Problem details
Reproduce the whole listing word for word. Leave every image out.
*** Given data Section Begins ***
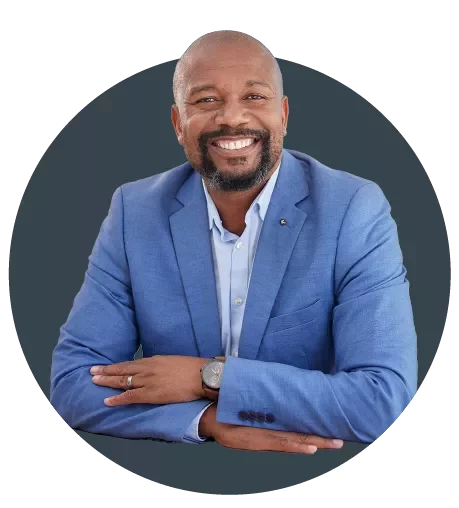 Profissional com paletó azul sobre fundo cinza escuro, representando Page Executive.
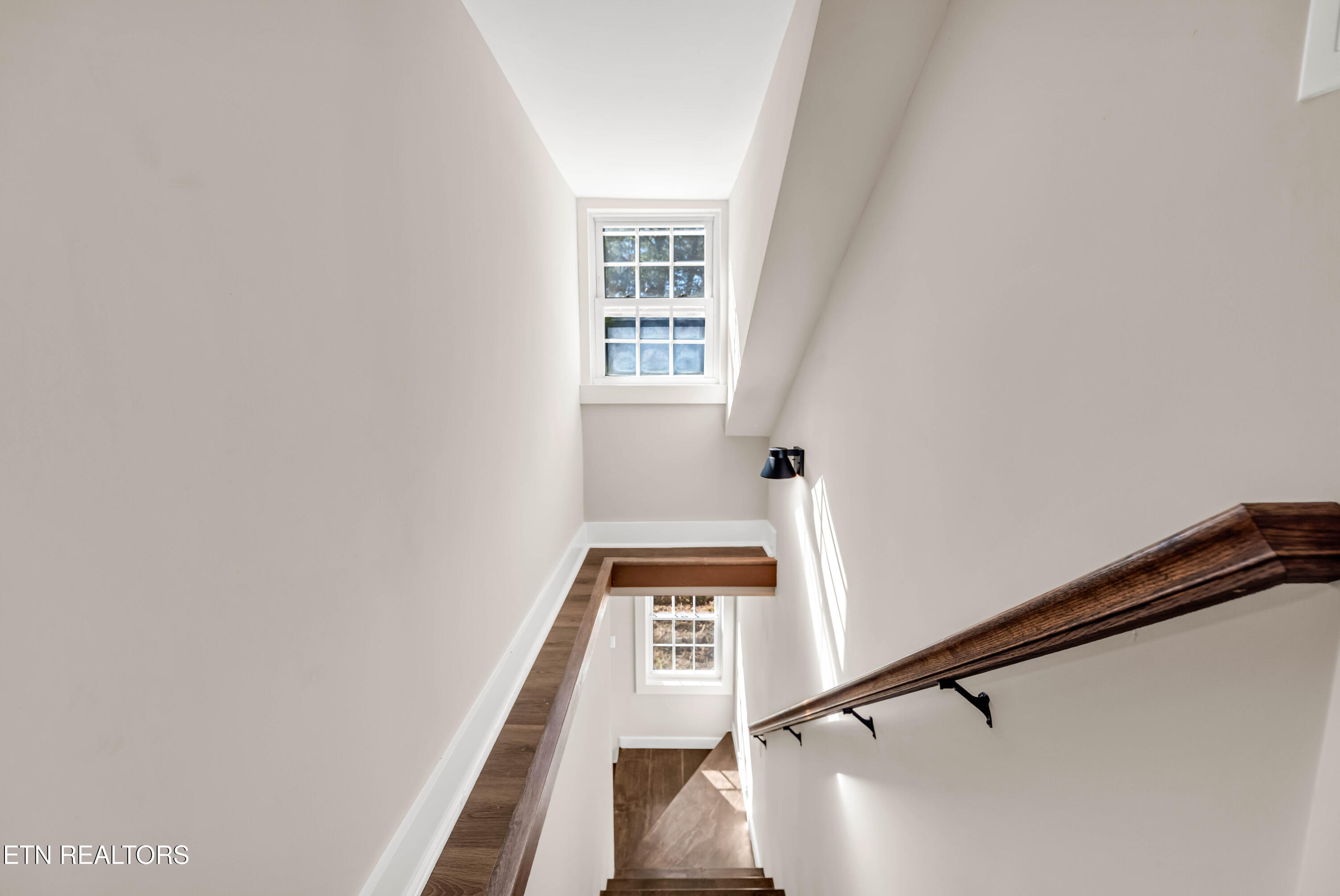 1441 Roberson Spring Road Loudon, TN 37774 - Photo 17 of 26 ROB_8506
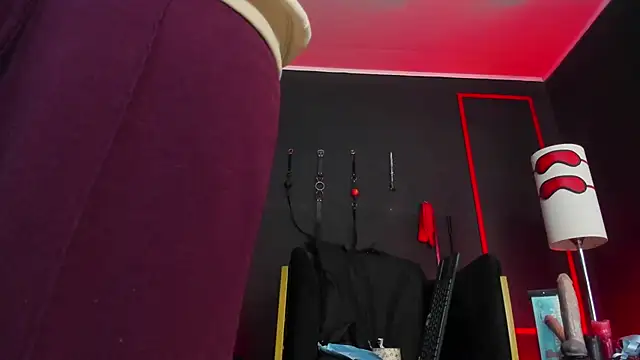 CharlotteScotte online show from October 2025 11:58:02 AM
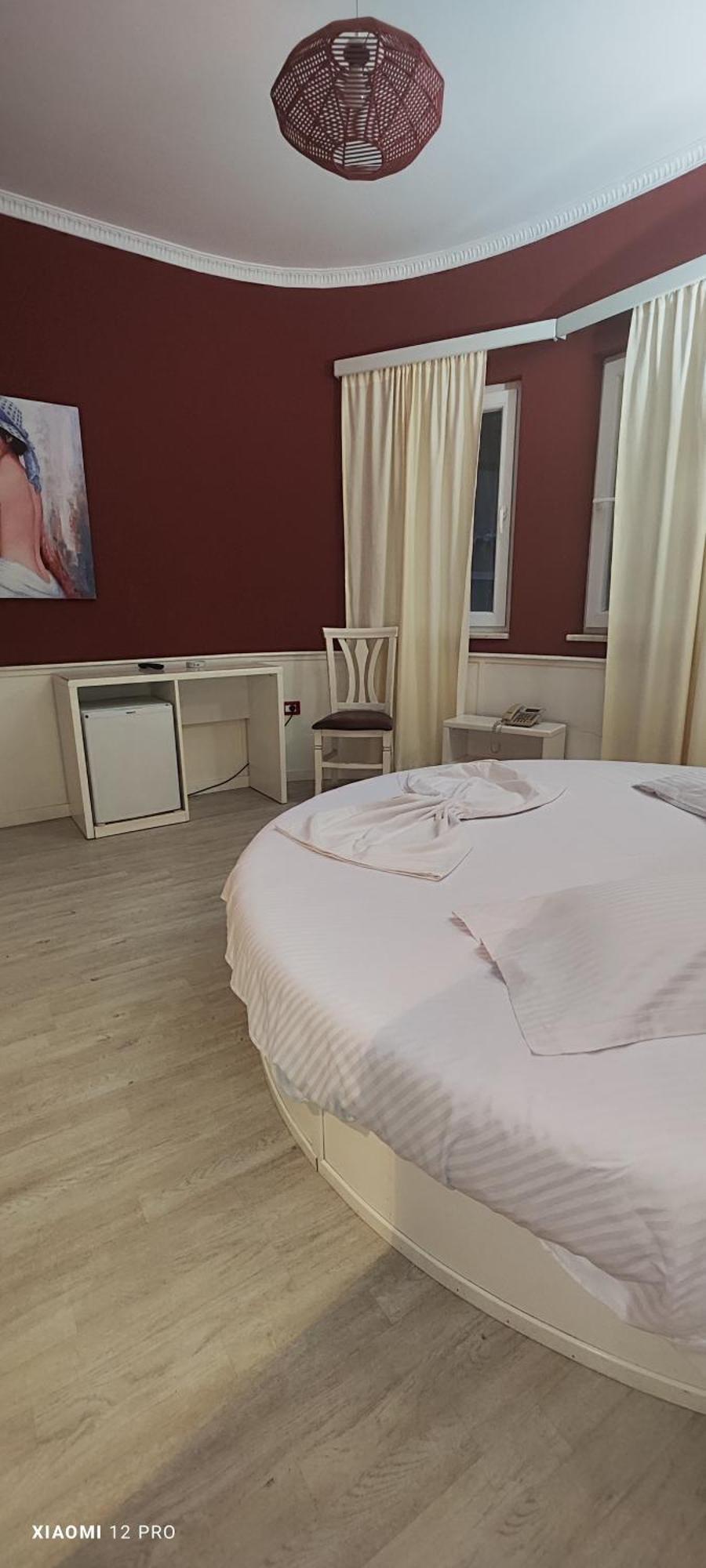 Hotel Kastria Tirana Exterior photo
*** Given data Section Ends ***
Result of this exercise
 Profissional com paletó azul sobre fundo cinza escuro, representando Page Executive.
 1441 Roberson Spring Road Loudon, TN 37774 - Photo 17 of 26 ROB_8506
 CharlotteScotte online show from October 2025 11:58:02 AM
 Hotel Kastria Tirana Exterior photo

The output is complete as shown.